-- PROBLEM DESCRIPTION --
Could you print the stretch of lines below from the one with "Imagem 3: Apartamento" through the one with "Supporting image: 2018 winners Supporting", exactly as they stand and without any pictures?

-- DATA FOR REVIEW --
====
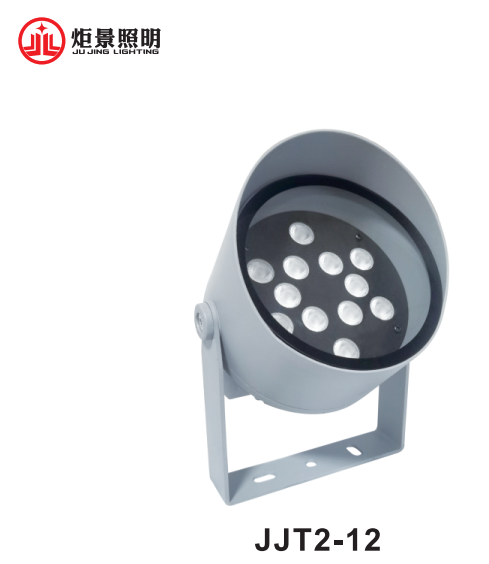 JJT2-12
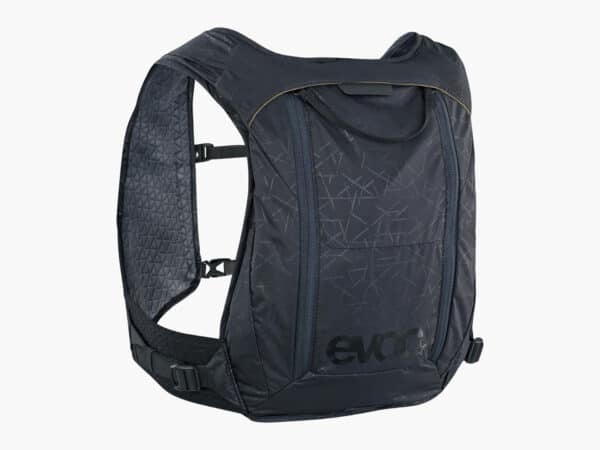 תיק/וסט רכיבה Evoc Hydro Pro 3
====
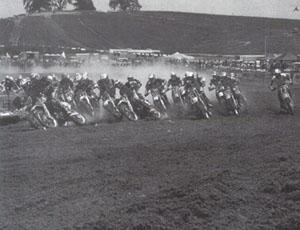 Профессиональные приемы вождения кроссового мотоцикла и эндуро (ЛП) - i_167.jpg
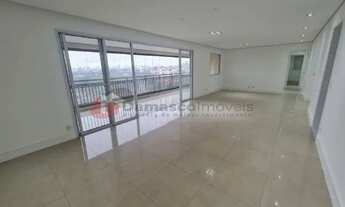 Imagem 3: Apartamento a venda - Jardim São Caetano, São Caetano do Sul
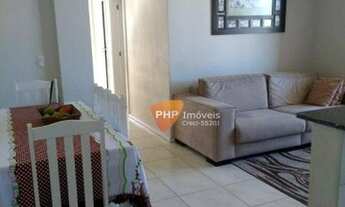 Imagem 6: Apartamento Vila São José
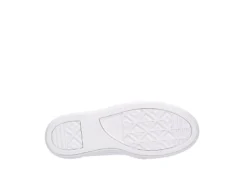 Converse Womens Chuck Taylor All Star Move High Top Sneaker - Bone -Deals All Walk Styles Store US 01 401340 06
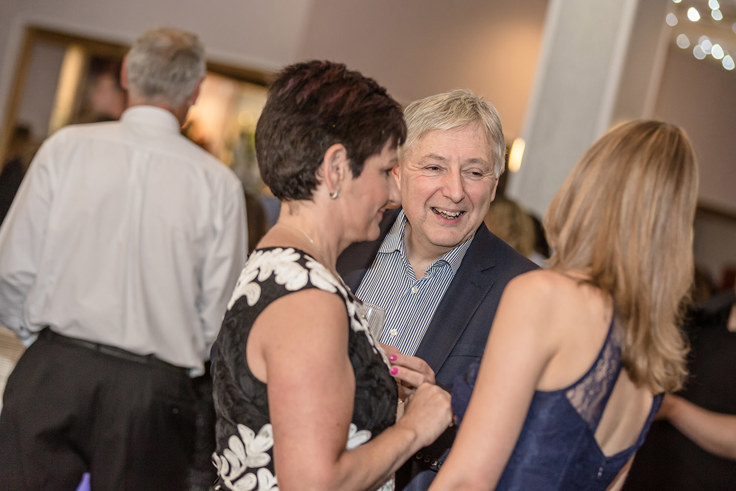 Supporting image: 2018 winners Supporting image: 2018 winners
====
-- ANSWER FOR THIS EXERCISE --
 Imagem 3: Apartamento a venda - Jardim São Caetano, São Caetano do Sul
 Imagem 6: Apartamento Vila São José
 Converse Womens Chuck Taylor All Star Move High Top Sneaker - Bone -Deals All Walk Styles Store US 01 401340 06
 Supporting image: 2018 winners Supporting image: 2018 winners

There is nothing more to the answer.